_GOAL OF THE EXERCISE:_
Extract every record, exactly as written, and ignore the pictures.

■ ■ ■ ■ ■ ■ ■

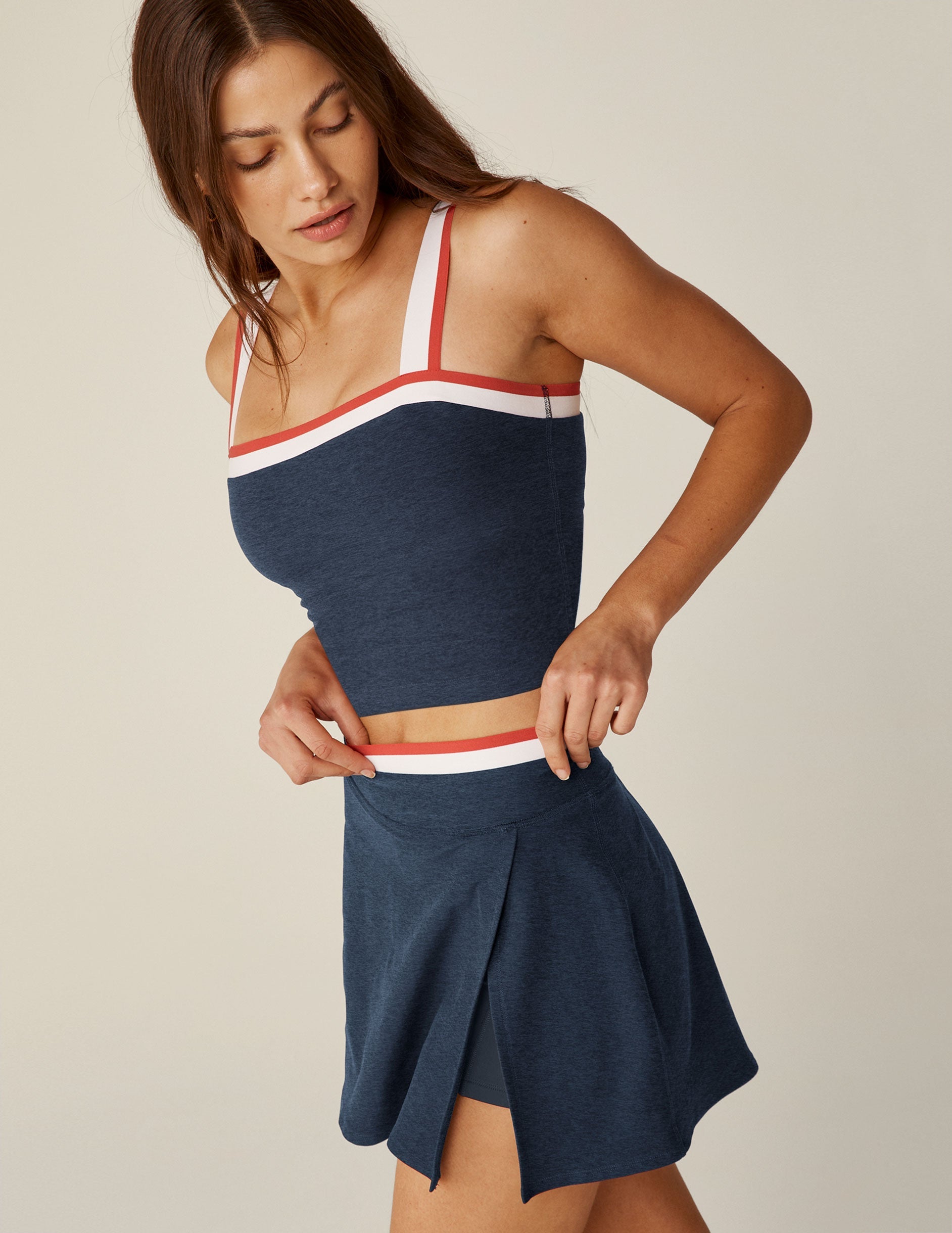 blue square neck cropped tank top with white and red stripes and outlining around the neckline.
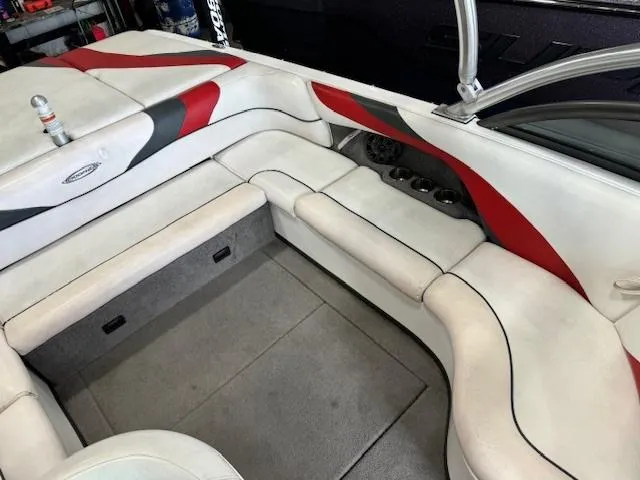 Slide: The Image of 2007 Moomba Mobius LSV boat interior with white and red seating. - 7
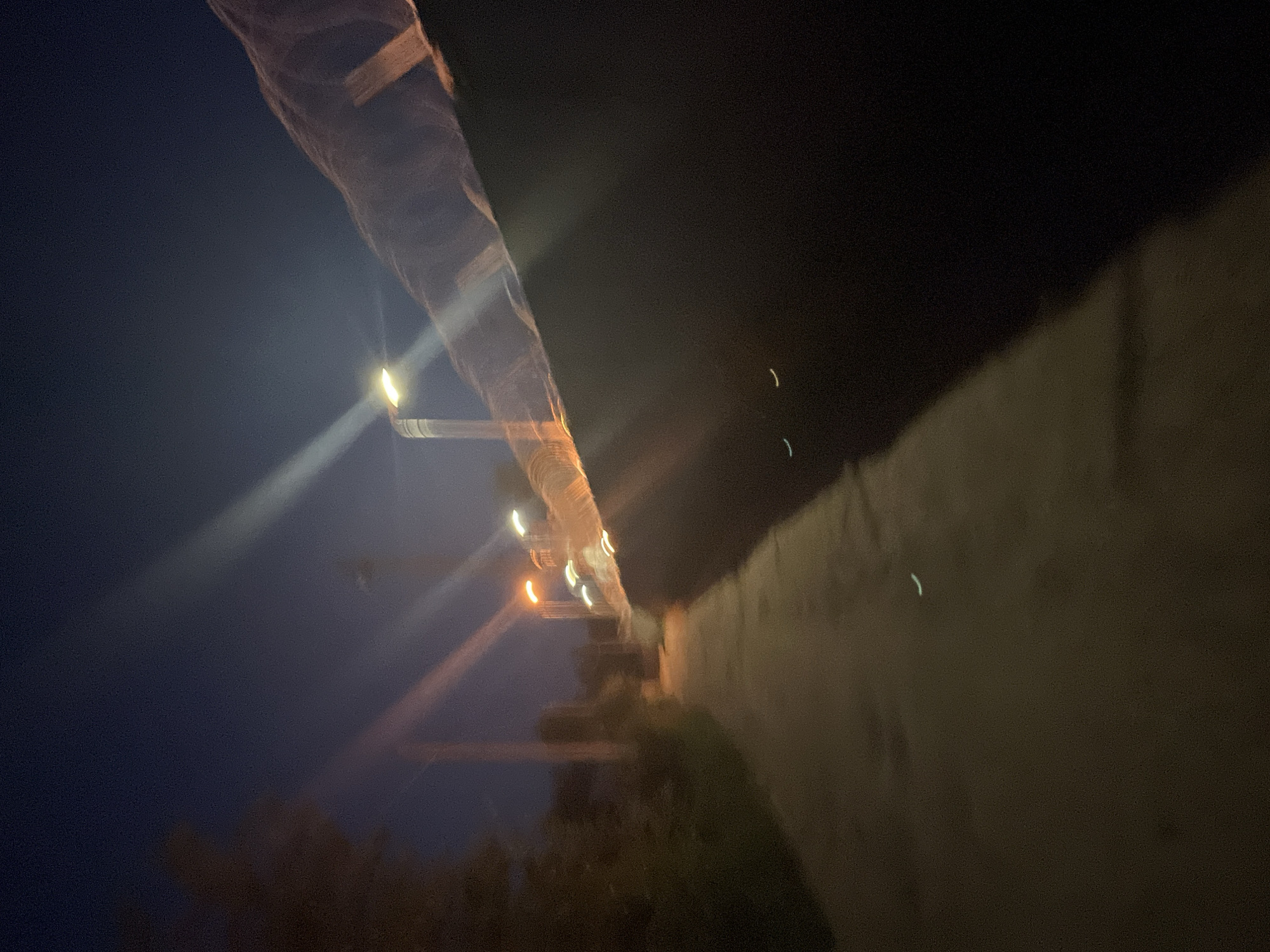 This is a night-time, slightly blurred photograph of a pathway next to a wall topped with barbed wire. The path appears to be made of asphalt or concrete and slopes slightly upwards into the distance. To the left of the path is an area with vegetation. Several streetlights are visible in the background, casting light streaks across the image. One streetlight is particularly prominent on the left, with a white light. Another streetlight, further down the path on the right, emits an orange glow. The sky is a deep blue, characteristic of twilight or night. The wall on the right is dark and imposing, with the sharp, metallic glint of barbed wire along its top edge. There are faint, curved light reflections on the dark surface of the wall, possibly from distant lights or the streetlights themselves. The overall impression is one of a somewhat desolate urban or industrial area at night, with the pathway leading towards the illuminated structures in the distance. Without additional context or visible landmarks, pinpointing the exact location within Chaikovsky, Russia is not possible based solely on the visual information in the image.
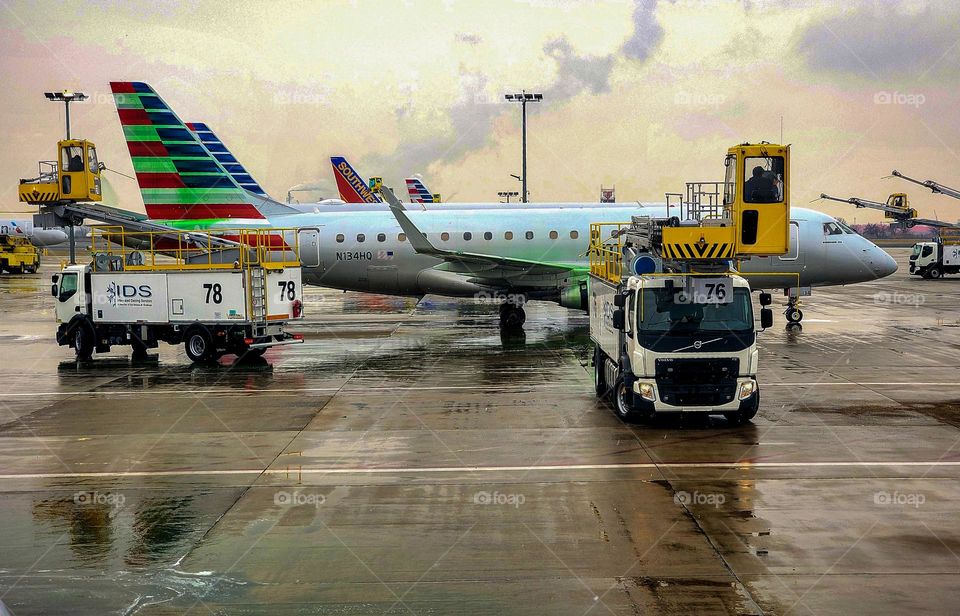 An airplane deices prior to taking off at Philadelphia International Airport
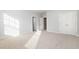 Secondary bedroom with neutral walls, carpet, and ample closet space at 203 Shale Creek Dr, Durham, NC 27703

■ ■ ■ ■ ■ ■ ■

_SOLUTION TO THIS EXERCISE:_
 blue square neck cropped tank top with white and red stripes and outlining around the neckline.
 Slide: The Image of 2007 Moomba Mobius LSV boat interior with white and red seating. - 7
 This is a night-time, slightly blurred photograph of a pathway next to a wall topped with barbed wire. The path appears to be made of asphalt or concrete and slopes slightly upwards into the distance. To the left of the path is an area with vegetation. Several streetlights are visible in the background, casting light streaks across the image. One streetlight is particularly prominent on the left, with a white light. Another streetlight, further down the path on the right, emits an orange glow. The sky is a deep blue, characteristic of twilight or night. The wall on the right is dark and imposing, with the sharp, metallic glint of barbed wire along its top edge. There are faint, curved light reflections on the dark surface of the wall, possibly from distant lights or the streetlights themselves. The overall impression is one of a somewhat desolate urban or industrial area at night, with the pathway leading towards the illuminated structures in the distance. Without additional context or visible landmarks, pinpointing the exact location within Chaikovsky, Russia is not possible based solely on the visual information in the image.
 An airplane deices prior to taking off at Philadelphia International Airport
 Secondary bedroom with neutral walls, carpet, and ample closet space at 203 Shale Creek Dr, Durham, NC 27703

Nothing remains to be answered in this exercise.